Enfilados al Puerto de la Serradilla, las laderas de la sierra aparecen cubiertas por la nieve, nieve fresca que engaña en el agarre, pues debajo es el hielo quien hace acto de presencia.

Tras serpentear entre escobas y terreno en mal estado, decido meter al perro en la mochila (Lyra), la subida desde los primeros pasos no te permite intuir en que estado estará la nieve, y el animal lleva trabajado lo suyo, intentando salir de los «buracos» en los que queda hundida paso a paso.

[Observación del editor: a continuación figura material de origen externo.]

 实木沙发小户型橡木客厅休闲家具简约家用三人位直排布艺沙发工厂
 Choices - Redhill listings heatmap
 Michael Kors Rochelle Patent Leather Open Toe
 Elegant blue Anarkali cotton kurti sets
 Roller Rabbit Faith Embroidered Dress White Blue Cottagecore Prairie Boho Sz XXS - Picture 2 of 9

Los crampones se hacen necesarios de inmediato, y a partir de aquí corresponde no perder el ojo a Jesús, que, aunque prudente, le falta la experiencia y la práctica, y aquí son necesarios además de los cinco sentidos una precisa concentración y confianza en uno mismo. Un días propicio para alimentarla de oxigeno puro los pulmones y llenar la mente de este ensordecedor silencio que lo cubre todo en un día como el de hoy, gris, entre niebla, cerrado, presagiando tormenta, y enraizándonos como nunca a la tierra que nos lleva.

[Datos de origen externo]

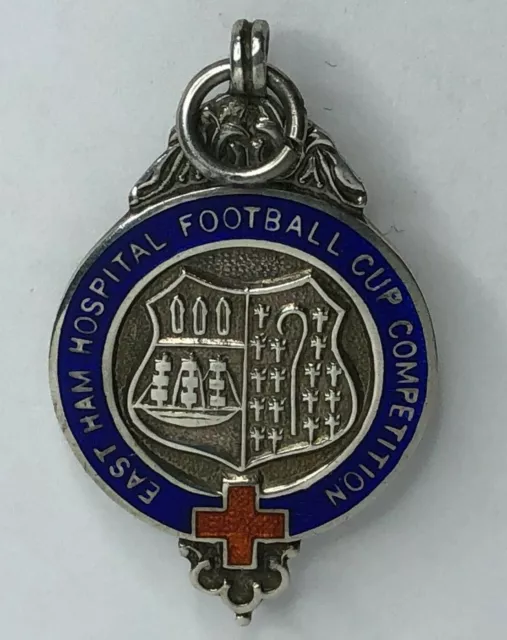 1939 Solid Silver East Ham Hospital Football Cup Competition Finalist Medal Fob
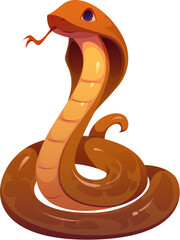 Fototapeta premium Cartoon cobra snake with a coiled body, raised hood and flicking tongue. Isolated vector reptile animal, ancient Egypt game icon asset, vintage Egyptian symbol of wildlife, jungle, or danger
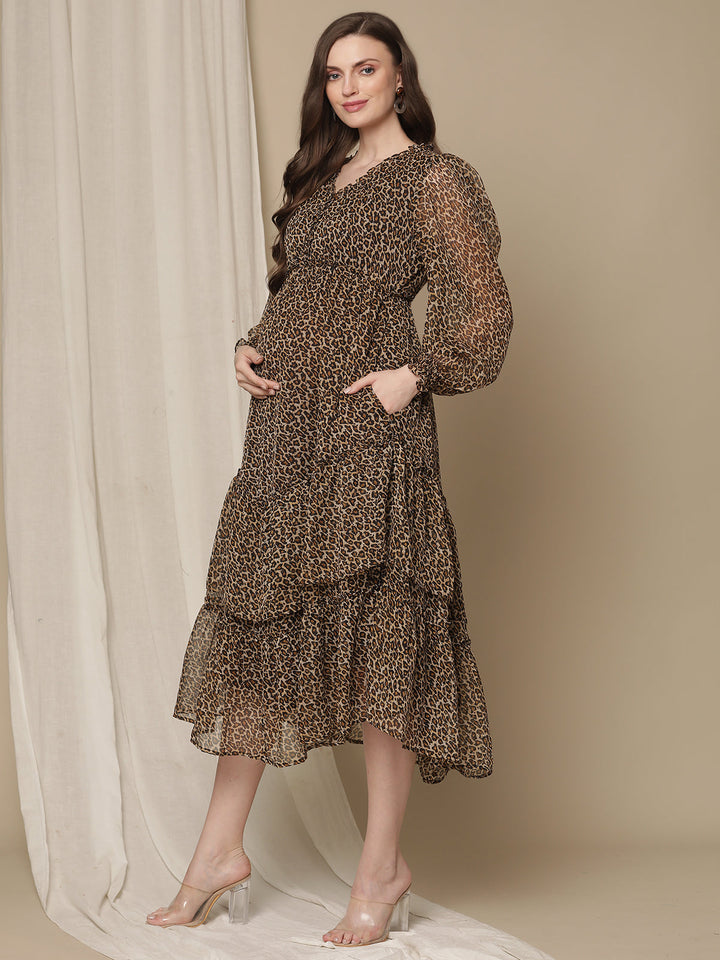Brown Midi Maternity Dress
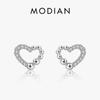 Irregular Lovely Hearts Stud Earrings For Women Solid 925 Sterling Silver Clear CZ Classic Earring FashionJewelry Bijoux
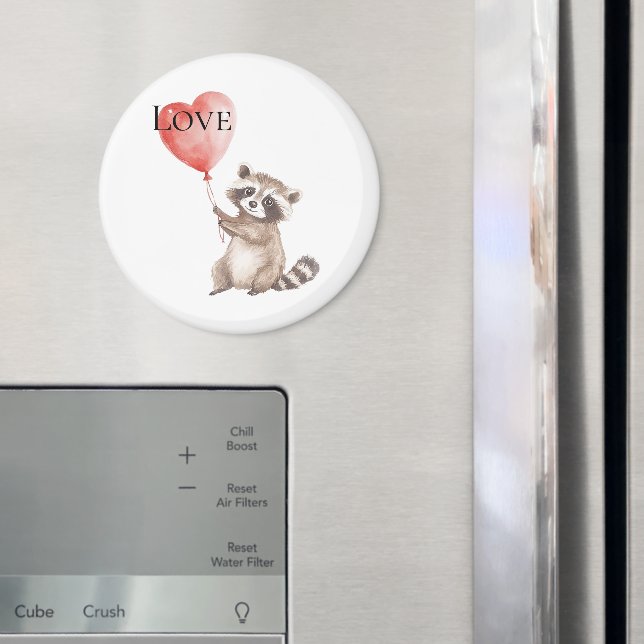 Íman White Raccoon com um Amor de Balão (In Situ (Fridge))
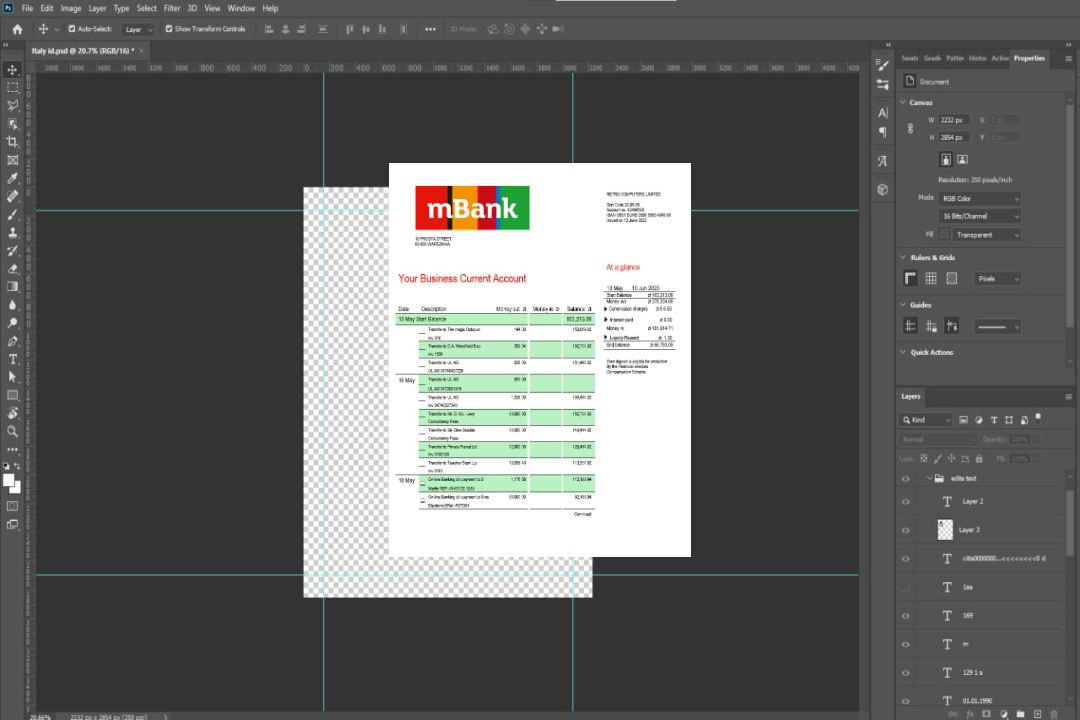 Modèle Word et PDF de déclaration d'entreprise MBank template Modèle Word et PDF de déclaration d'entreprise MBank template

Arriba seguimos en busca de nuestro destino, solo el filo del crampón rompe la monótona y tranquila subida, debemos de hacerlo poco a poco, que la respiración haga prácticamente todo, nuestras piernas se dejan llevar y solo el piolet actúa de timón en la ladera.

Unos metros más adelante es Cesar quién hoya la huella que nos servirá de enlace, pues la niebla apenas deja imaginar el final de nuestros destino.

Alcanzado el Collado viene el descanso, y la falta de orientación, unos momentos de indecisión y de diversidad de opiniones nos ponen de nuevo en ruta, entre el GPS y el olfato del viejo montañero, que sabe más por viejo que por montañero.

Un hilo de luz enciende el día, cual ventana orientada al horizonte en el amanecer, ahora si, vemos el  Collado por el que nos aupamos y el corte que asoma hacia el oeste,…menos mal, la orientación ha sido la adecuada.

Solo nos queda seguir adelante, dirección Norte prácticamente, buscamos el refugio que se encarama en el Alto de la Batalla, ¿y a que vendrá este nombre?, tal vez aquí lucharan los ejércitos musulmanes, tal vez sea el encuentro de esta divisoria principal testigo de batallas ahora olvidadas, o simplemente se deba el nombre a la competencia de los vientos de Norte y Sur por adueñarse de la planicie que anticipa el alto que evocamos.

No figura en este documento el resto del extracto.